Aspose.PDF ShowText operator that implements PDF Tj operator does not support Chinese characters. I am using Windows 10 OS and Aspose.PDF for .NET 21.10.1 (latest at the time of writing), and the problem exists in this version, still. Here is my code snippet:
using Aspose.Pdf;
using Aspose.Pdf.Text;
namespace ConsoleApp
{
class Program
{
static void Main(string[] args)
{
var document = new Document();
var page = document.Pages.Add();
string fontResName;
{
Font font = FontRepository.FindFont("Arial");
font.IsEmbedded = false;
page.Resources.GetFonts(true).Add(font, out fontResName);
}
{
Font font = page.Resources.Fonts[1];
var fontSize = 9.0;
var line = "CJK Unified Ideographs from BMP (wiki): 一 丁 丂 七 丄 丅 丆 万 丈 三 上 下 丌 不 与 丏";
page.Contents.Add(new Aspose.Pdf.Operators.GSave());
page.Contents.Add(new Aspose.Pdf.Operators.BT());
page.Contents.Add(new Aspose.Pdf.Operators.SelectFont(fontResName, fontSize));
page.Contents.Add(new Aspose.Pdf.Operators.MoveTextPosition(120.0, 750.0));
page.Contents.Add(new Aspose.Pdf.Operators.ShowText(line, font));
page.Contents.Add(new Aspose.Pdf.Operators.ET());
page.Contents.Add(new Aspose.Pdf.Operators.GRestore());
}
document.Save("test_chinese_characters.pdf");
}
}
}
I am using Arial font installed in my system, and word processors in my system are capable of displaying the problematic characters with no issue, i.e. it is unlikely to be a font issue. I tried Courier New and Times New Roman fonts - Aspose.PDF is able to find these fonts and render European languages glyphs with no issue, but Asian characters still do not render, so the issue is with Asian characters.
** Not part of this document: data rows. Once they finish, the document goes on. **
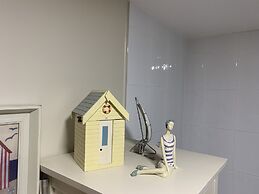 King Canute Apartment - Crown Lettings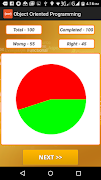 Object Oriented Programming تصوير الشاشة 6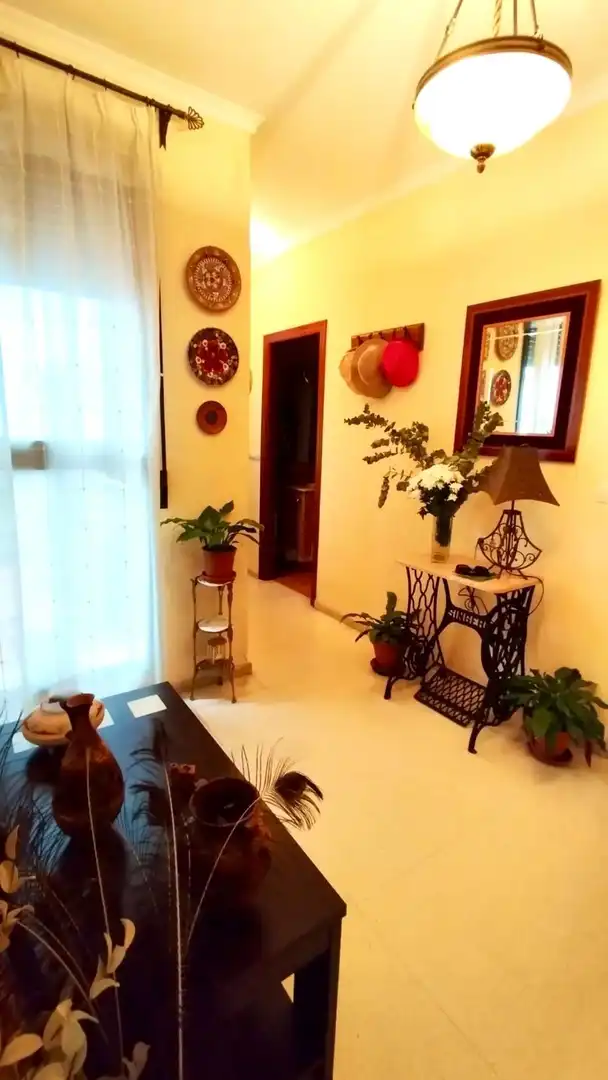 Dúplex con terraza en venta en Centro, imagen 2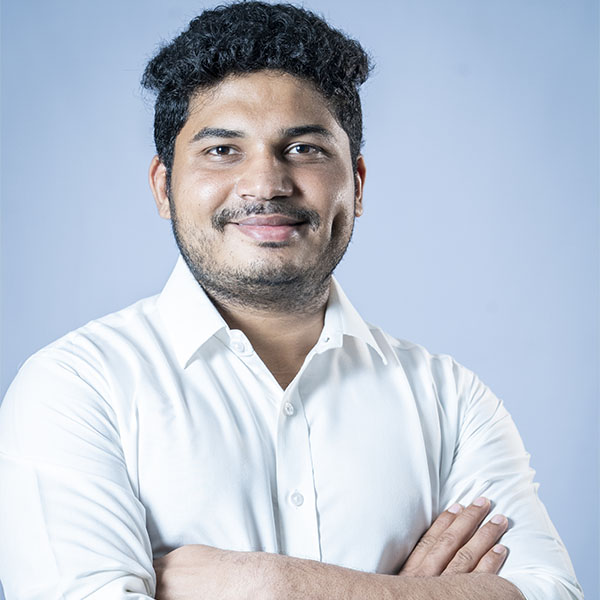 sandesh-patil-corporator
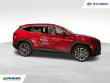 New 2026 Hyundai Tucson Limited SUV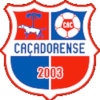 卡坎多AC logo
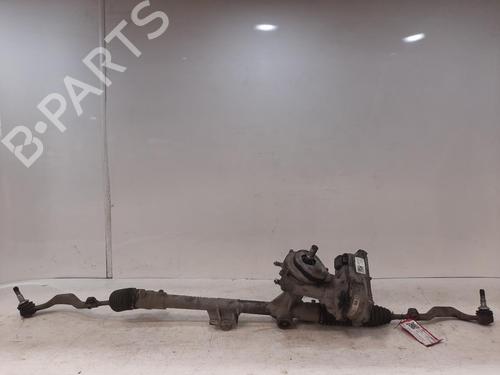 steering-rack-mini-mini-f56-2013-35768060 main image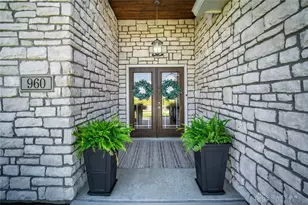 960 Rosenthal Dr, Tipp City, OH 45373 - Photo 6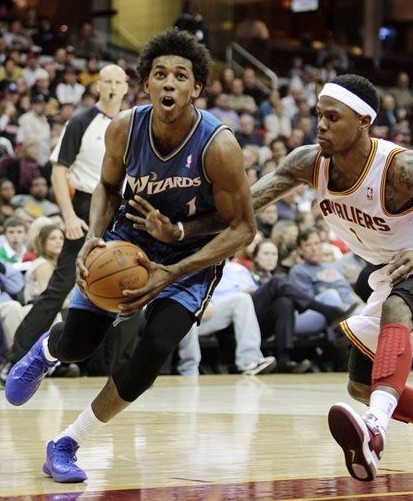 马略卡vs赫塔费：塞尔希-达德尔、韦达特-穆里奇首发，马约拉尔、马里奥-马丁出战（马略卡对阵赫塔费：塞尔希·达德尔、韦达特·穆里奇首发，马约拉尔与马里奥·马丁登场）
In addition to Chinese characters, at least the following character sets are also unsupported: hindi letters, Japanese kanji, Japanese hiragana, Japanese katakana, Korean alphabet, Korean hanja, Japanese hiragana from Unicode Basic Multilingual Plane (BMP), CJK Unified Ideographs from BMP.
I am aware that TextFragment class offers a better support for unicode characters, however, due to technicalities of my project I cannot use TextFragment (or TextStamp) to display text, it needs to be PDF Tj operator implemented by ShowText class in Aspose.PDF. This request is specifically about Text property unicode support in ShowText class rather than about text display in general.
Aspose_PDF_Chinese_characters_support.zip (39.4 KB)
In the attachment, please find the following: (a) example C# project/solution using latest Aspose.PDF for .NET reproducing the issue; (b) test_chinese_characters.pdf containing example of broken PDF generated by Aspose.PDF; ( c ) _unicode_characters_test.txt containing extended test suite for unicode characters, of which most of Asian characters fail the test (all characters display correctly in my word processor for Arial, Courier New, and Times New Roman fonts).
What is expected: Chinese and other characters are correctly supported by ShowText operator with no issue.
Can you please help me with this issue?